Reading list
reviewed by Stanley Abercrombie -- Interior Design, 6/1/2002 12:00:00 AM
Contemporary Rugs: Art and Design
By Christopher Farr, Matthew Bourne, and Fiona Leslie
London: Merrell, $50
208 pages, 170 color illustrations
This handsomely illustrated survey presents a brief history of 20th-century rug design and examples by 64 designers. Partners in the Christopher Farr rug showrooms in the U.K. and the U.S., coauthors Farr and Matthew Bourne feature some of their own artists—most prominently Kate Blee and Farr himself—but the quality of their work fully justifies the inclusion. Designer biographies, a source list, a glossary, a bibliography, and an introduction by Interior Design Hall of Fame member Andrée Putman round out the material.
Rural Studio: Samuel Mockbee and an Architecture of Decency
By Andrea Oppenheimer Dean with photography by Timothy Hursley
New York: Princeton Architectural Press, $30 paperback
186 pages, 144 illustrations (132 color)
Experimental architect Samuel Mockbee died of leukemia last December at the age of 57, shortly after winning a MacArthur "genius grant" and the National Building Museum's first Apgar Award for Excellence. His practice was in the rural South, his typical clients poor and black, his materials discarded license plates, railroad ties, used bricks, and hay bales. Yet he created beautiful buildings and interiors admired by many who are more at home with stainless steel and anigre. In this timely and moving testimony, Mockbee's commitment and lack of pretense are well matched by the graceful clarity of Andrea Oppenheimer Dean's words and Timothy Hursley's photographs.

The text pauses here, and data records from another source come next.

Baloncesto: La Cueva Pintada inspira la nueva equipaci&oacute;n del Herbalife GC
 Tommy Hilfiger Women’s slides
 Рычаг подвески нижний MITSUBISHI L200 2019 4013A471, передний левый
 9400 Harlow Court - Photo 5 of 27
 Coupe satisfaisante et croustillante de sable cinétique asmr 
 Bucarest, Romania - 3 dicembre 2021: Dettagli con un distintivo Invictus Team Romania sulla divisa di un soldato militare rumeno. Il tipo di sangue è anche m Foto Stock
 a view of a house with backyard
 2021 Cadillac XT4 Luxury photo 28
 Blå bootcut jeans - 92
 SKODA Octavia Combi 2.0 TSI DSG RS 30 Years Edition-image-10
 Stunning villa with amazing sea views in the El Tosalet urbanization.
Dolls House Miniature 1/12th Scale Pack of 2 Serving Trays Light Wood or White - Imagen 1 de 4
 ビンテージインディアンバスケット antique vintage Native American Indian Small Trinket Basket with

Waddesdon Manor: The Heritage of a Rothschild House
By Michael Hall
New York: Harry N. Abrams, $65
320 pages, 300 illustrations (168 color)
More than 125 years ago, Baron Ferdinand Rothschild, great-grandson of the founder of the Rothschild banking dynasty, took a Buckinghamshire hilltop and started to transform it into something quite un-English. His vision was of a French Renaissance château, and the fashionable architect Gabriel-Hippolyte Destailleur executed the work meticulously. Waddesdon's furnishings, though generally 18th-century in style and thus later than Destailleur's architectural models, are suitably French and/or suitably grand. Highlights include Savonnerie carpets, Beauvais tapestries designed by François Boucher, and furniture by maîtres ébénistes René Dubois, Martin Carlin, and Jean-Henri Riesener as well as English portraits and Dutch old masters. The château was ready in May 1880 for Baron Ferdinand's first house party. (Since then, Waddesdon has also become the depository of fine drawings for interiors and the decorative arts, a collection assembled by Baron Edmond, a cousin of the original occupant.) All is shown in excellent photography by John Bigelow Taylor, and the current Lord Rothschild contributes a foreword. Michael Hall is deputy editor of Country Life and author of The English Country House.